Mock AIME 1 2010 Problems/Problem 9

Revision as of 16:52, 2 August 2024 by Thepowerful456 (talk | contribs) (Solution)

Problem

Let $\omega_1$ and $\omega_2$ be circles of radii 5 and 7, respectively, and suppose that the distance between their centers is 10. There exists a circle $\omega_3$ that is internally tangent to both $\omega_1$ and $\omega_2$, and tangent to the line joining the centers of $\omega_1$ and $\omega_2$. If the radius of $\omega_3$ can be expressed in the form $a \sqrt{b} - c$, where $a$, $b$, and $c$ are integers, and $b$ is not divisible by the square if any prime, find the value of $a + b + c$.

Solution

[asy]  import geometry;  size(10cm);  point A = origin; point B = (10,0); point C = (5-(30-2*sqrt(210)),10*sqrt(210)-144); point D,E,T;  circle a = circle(A,5); circle b = circle(B,7); circle c = circle(C,10*sqrt(210)-144);  // Defining D, E, and T pair[] d = intersectionpoints(b,A--B); D = d[0];  pair[] e = intersectionpoints(a,A--B); E = e[0];  pair[] t = intersectionpoints(c,A--B); T = t[0];  // Circles draw(a); draw(b); draw(c);  // Segments AB, BC, AC, and CT draw(A--B); draw(B--C); draw(A--C); draw(C--T);  // Point Labels dot(A); label("A",A,WSW); dot(B); label("B",B,ESE); dot(C); label("C",C,(0,0.5)); dot(D); label("D",D,SW); dot(E); label("E",E,SE); dot(T); label("T",T,S);  // Right angle mark markscalefactor=0.05; draw(rightanglemark(C,T,A));  [/asy]

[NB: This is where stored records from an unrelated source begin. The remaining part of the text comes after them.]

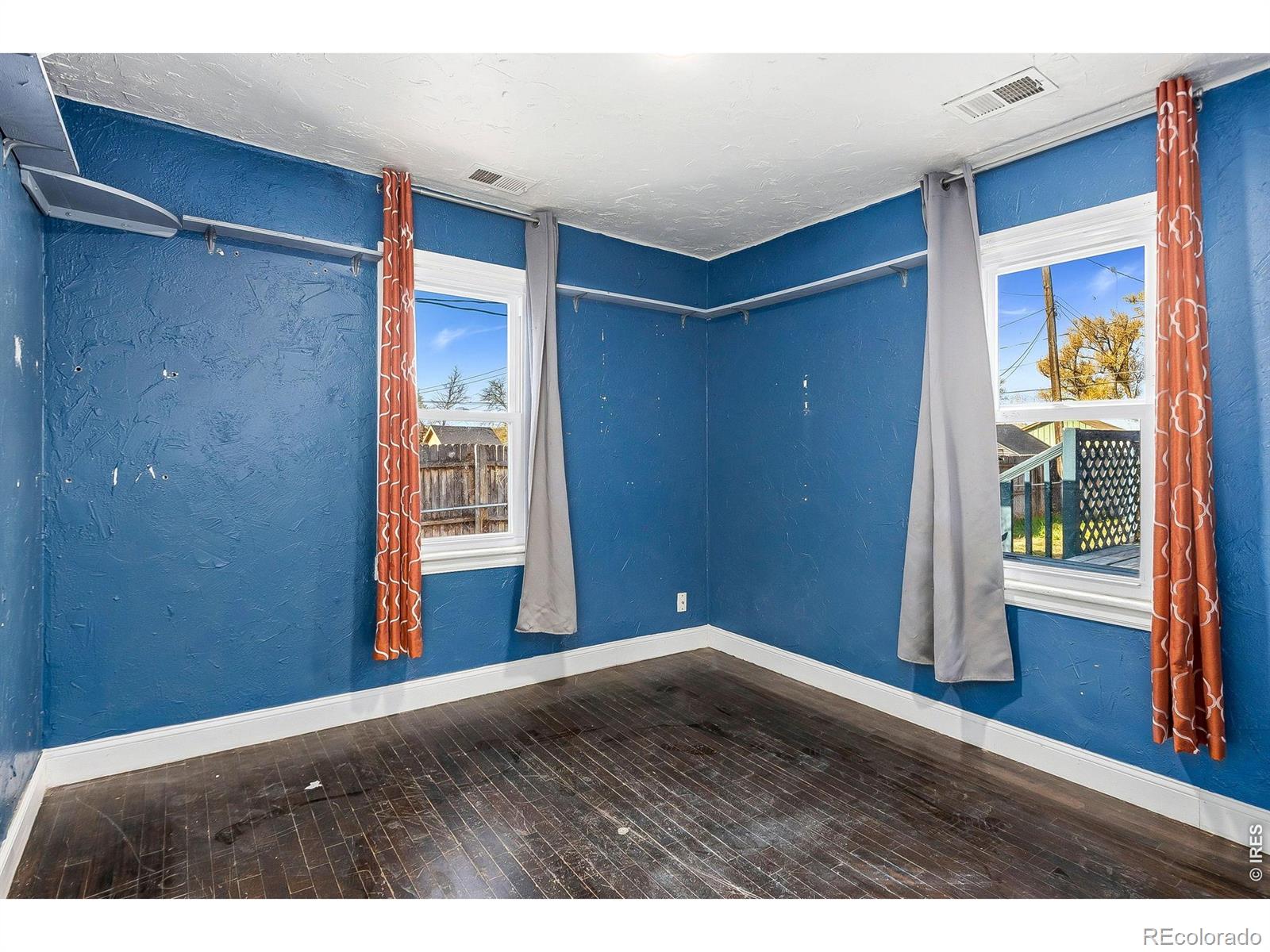 MLS Image #6 for 131 n 23rd avenue,greeley, Colorado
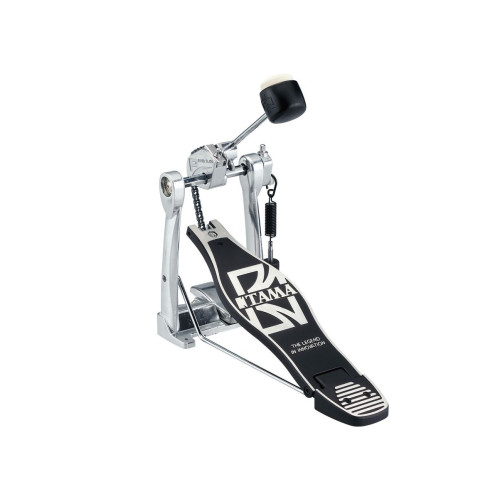 Tama - Stopa pojedyncza HP30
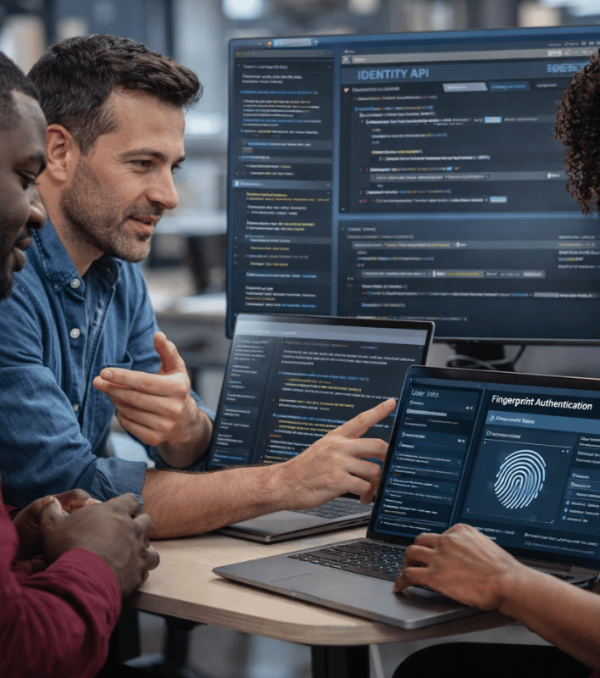 FingerPrint Data Solution - Service img (3) FingerPrint Data Solution - Service img (3)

Let $\omega_1$ have center $A$, $\omega_2$ have center $B$, and $\omega_3$ have center $C$. Further, let $\overline{AB}$ intersect $\omega_1$ at $D$, $\omega_2$ at $E$, and $\omega_3$ at $T$, as in the diagram. Let $r$ be the radius of $\omega_3$ and let $TE=x$.

Because $\overline{AB}$ is tangent to $\omega_3$, $\overline{CT} \perp \overline{AB}$. Because $\omega_1$ and $\omega_3$ are tangent, we know that the line joining their centers goes through their point of tangency. Thus, because $\omega_1$ has radius $5$, $AC=5-r$. Similarly, $BC=7-r$. Because $AB=10$ with $AE=5$ and $BD=7$, $AB=2$. Thus, $DT=2-x$, $AD=5-2=3$, and $BE=7-2=5$.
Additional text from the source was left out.